The last part, which is optional, is the region name. So, for example, Wright Plaza on OSgrid is hg.osgrid.com:80:wright plaza.
Does hypergrid pose a security threat to my grid?
Yes, but not much.
Hypergrid connectivity allows people who haven’t registered with your grid to come and visit. They might be trouble makers, or hackers out to steal your content. If you close your grid to hypergrid teleports, then only registered account holders can get in.
For grids serving a closed community, such as an education grid or a private company grid, this may be necessary.
However, grid managers looking to attract visitors from other grids should be aware that people can be reluctant to create new avatars, and may prefer the ability to use hypergrid teleports instead of registering for a new account. There are only so many avatars a single person can keep track of.
Grid owners who have hypergrid teleport turned on can block individual avatars or all block avatars from certain grids.
Meanwhile, people looking to cause trouble or steal content can just create a new account to access your grid.
Turning off hypergrid connectivity will discourage a few of the lazier griefers but hurt legitimate users quite a bit more since they will be cut off from friends on other grids.
Does hypergrid pose a security threat to content?
Yes. But again, not much.
Say, you teleport to some shady grid. Theoretically, the grid owner can steal stuff in your inventory. In fact, any region owner — hypergrid-enabled or not — can give themselves “god” status and change the permissions on any content you put down on their region. In addition, it may also be possible for a region owner to listen in to conversations between your browser and your inventory storage. They can then copy inventory, delete inventory items, or add spam items to your inventory. There have been no reported instances of this happening, and if it did, grid managers would likely take the offending region down immediately.

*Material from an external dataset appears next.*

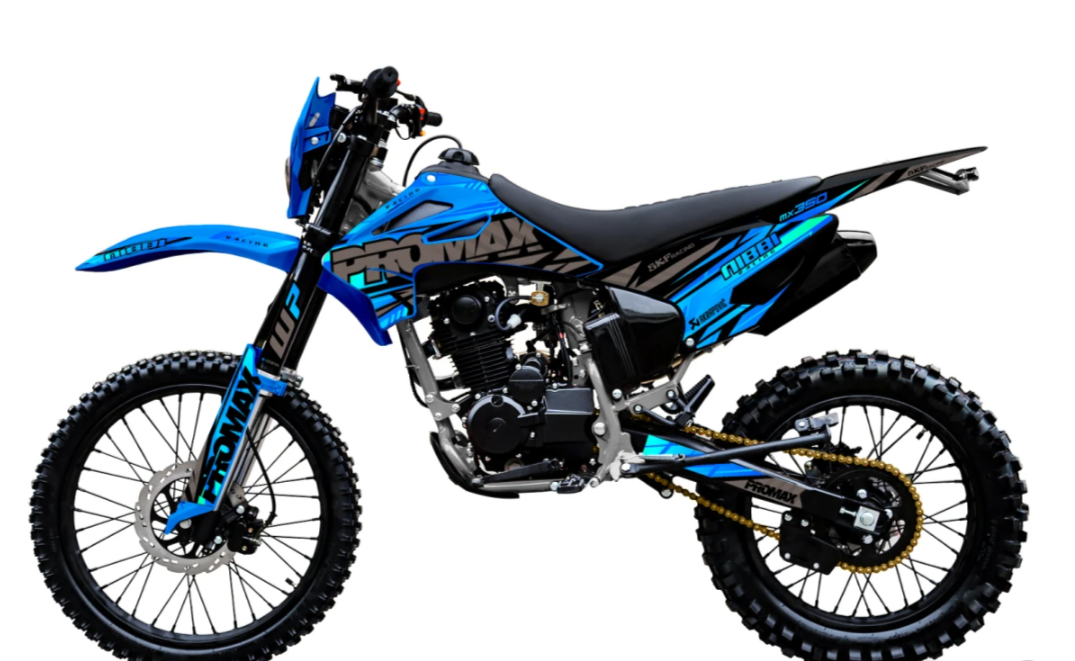 Кроссовый мотоцикл PROMAX MX350 в Саранске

This is true for closed grids as well, though. If you upload content to Second Life, say, then Linden Lab will now be able to access your stuff.
The bigger fear is that of content creators, who worry that hypergrid shoppers will take their content to another grid, change the permissions, and then distribute it illegally all over OpenSim.
However, if hackers are going to steal, it’s easier for them to just copybot your stuff, instead of paying for it first. And the main targets of copybotters are the big closed grids — mainly, Second Life. After all, that’s where most of the content is.
The only time the hypergrid is an actual security disadvantage for content creators is when it comes to proprietary scripted content. Scripts can’t be copybotted.
So if you are worried about your scripts being stolen, you should distribute them only on non-hypergrid-grids, like Tag or DreamNation, or on “filtered” hypergrid-enabled grids that allow content creators to mark their content as non-exportable, like Kitely.
I have a little OpenSim grid on my home computer. Can I hypergrid to other grids?
Yes. If you are running a home-based standalone grid, hypergrid is a great way to stay connected to the larger metaverse. I recommend OutWorldz’ DreamGrid or the Diva Distro of OpenSim if you want hypergrid to be pre-configured.
You can even go shopping on other grids and bring content back to your home grid to decorate your virtual home or office.
You will, however, have to open up ports if you are using a router, to allow the outside world to access your grid. This is the trickiest part of setting up a home-based grid.